This eighth studio effort from American hip hop duo, Mobb Deep, has been in the works since 2011, but was unfortunately delayed due to a feud that broke out between the New York duo. Thankfully, Havoc and Prodigy have since reconciled and are set to release double album, The Infamous Mobb Deep, on Fools’ Day. With one disc comprising of entirely new material, and the other of unreleased tracks from the recording sessions for the Queens titans’ seminal 1995 record, The Infamous, the extended album will be an excellent chance for loyal fans to hear some new Mobb material for the first time since 2006’s Blood Money.

• John Frusciante – Enclosure (Record Collection, April 7)
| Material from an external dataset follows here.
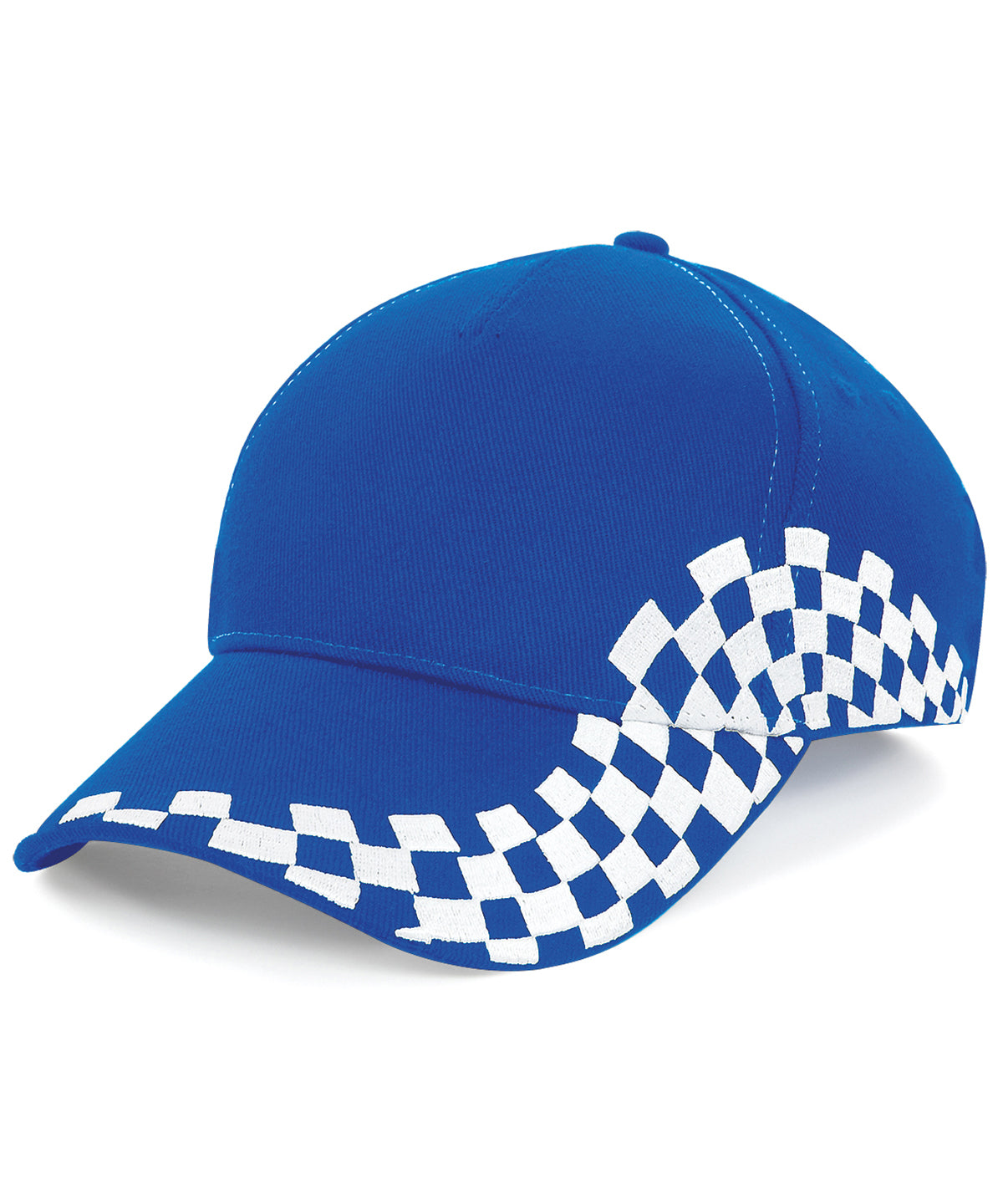 Grand Prix cap - BC159 - Bright Royal One size - Customisable Caps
The enigmatic, former-Red Hot Chili Peppers guitarist will release his eleventh solo album, Enclosure, this month, and represents “the achievement of all the musical goals I had been aiming at the previous five years,” according to the incendiary axe-man. Known as one of the hardest-working and most creative artists in the industry, Frusciante’s music has taken a distinct turn towards experimental electronica since 2009’s Empyrean, and latest single, “Scratch”, six minutes of rhythmic rattlings and bassy beats, shows no sign of any reversion to more traditional, guitar-based music.

• Ratking – So It Goes (XL Records, April 8)
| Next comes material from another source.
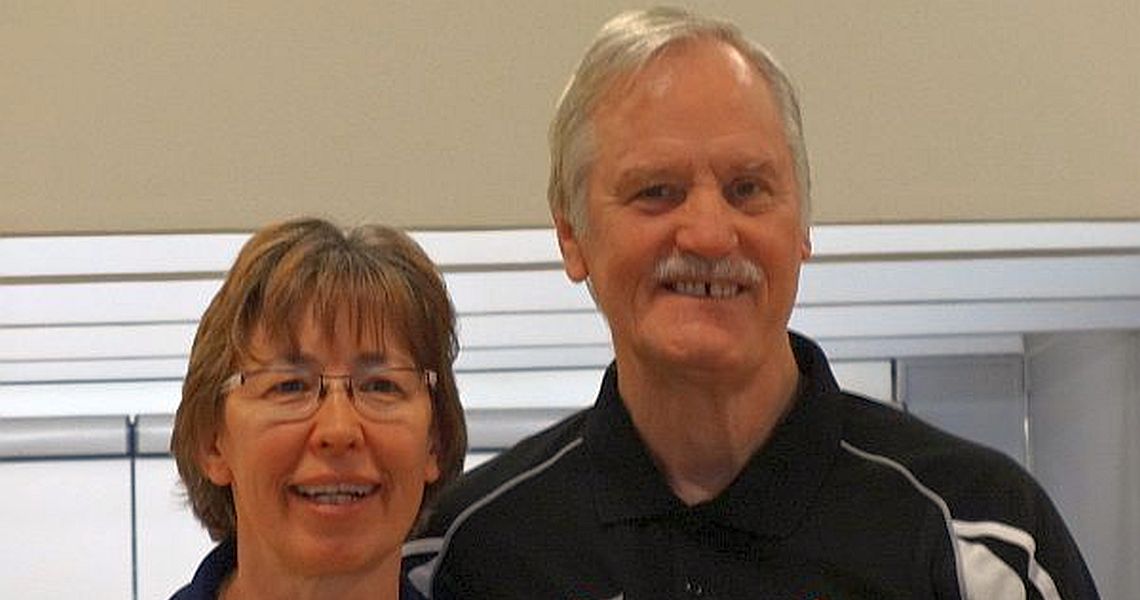 Martina Beckel, Ron Oldfield emerge as champions in Paris Senior Open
Raucous rebels from the Big Apple, Ratking, have often drawn close comparisons with fellow rap collective, Odd Future, for their more industrial brand of quick-witted, urbanised hip hop for the 21st century; and whilst they’re due to support Odd Future man, Earl Sweatshirt, on his upcoming tour of the States, the three-piece hope to come out from under the yolk of their influences this month with their debut record, So It Goes, due on April 8 via the well-respected XL records.

• Eels – The Cautionary Tales of Mark Oliver Everett (Vagrant Records, April 21)
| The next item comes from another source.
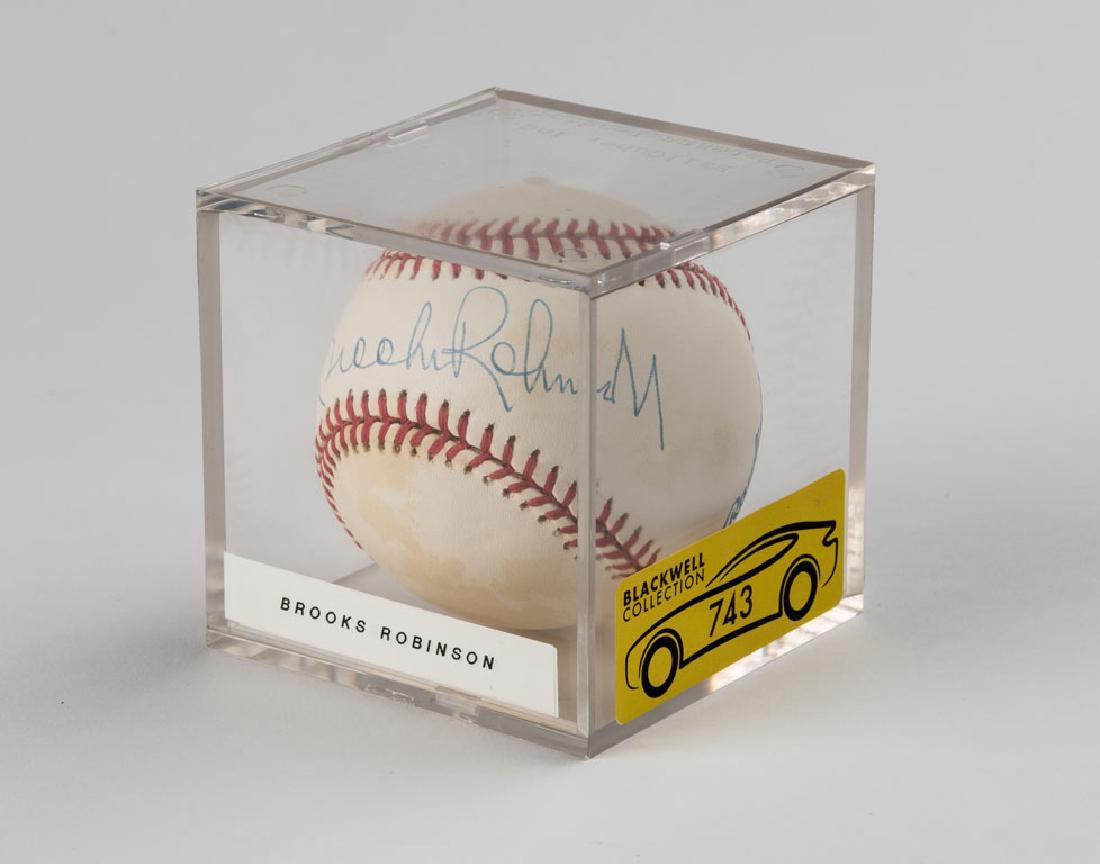 Brooks Robinson Signed Baseball (1 of 1)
Singer-songwriter and multi-instrumentalist, Mark Everett’s band of rag-tag, bearded folkies from the Sunshine state have been making progressive, alternative-rock for close to twenty years now, and The Cautionary Tales of Mark Oliver Everett will be their sixteenth studio album. With consistenly better success in Ol’ Blighty than in their native country, Eels may be hoping that this latest album will be the one that finally enables them to make their homecoming as heroes across the pond.

• Rodrigo y Gabriela – 9 Dead Alive (Rubyworks Records, April 28)

The legendary Mexican guitar duo of Rodrigo y Gabriela, purveyors of beautifully wistful, Latino balladry, will release their fourth album late this month, revealing the news through a twitter update thast described the forthcoming record thusly: “Each track is a personal celebration of individuals of who have passed on, but through their deeds and words still resonate in the 21st century.” Although arguably slightly morbid, 9 Dead Alive is sure to be yet another fantastic episode to the couple’s story.

• Damon Albarn – Everyday Robots (Parlophone, April 28)

The incomparable Blur frontman and serial collaborator releases his highly-anticipated debut solo effort under his own name, Everyday Robots, in the last week of April. The already released tracks, “Everyday Robots” and “Lonely Press Play”, are indicative of a more melancholic tone than his previous work with the Britpop group, featuring industrial, electronic elements and a vocal timbre not dissimilar to London art-rockers Golden Silvers. Having recently been announced as headlining Suffolk festival, Latitude, 2014 is shaping up to be another big year for the Essex musician.

• Pixies – Indie Cindy (Pixies Music, April 28)

Indie Cindy will be the Boston post-punk, poster boy’s fifth record, and their first since 1991’s Trompe le Monde, 21 years ago. Having lost critically-acclaimed bassist and lynchpin, Kim Deal in 2013, the band have yet to overcome their doubters since their reunion in 2004. Whatever happens, April 28 is a perfect opportunity to reimagine some of the nineties most exciting and influential music output.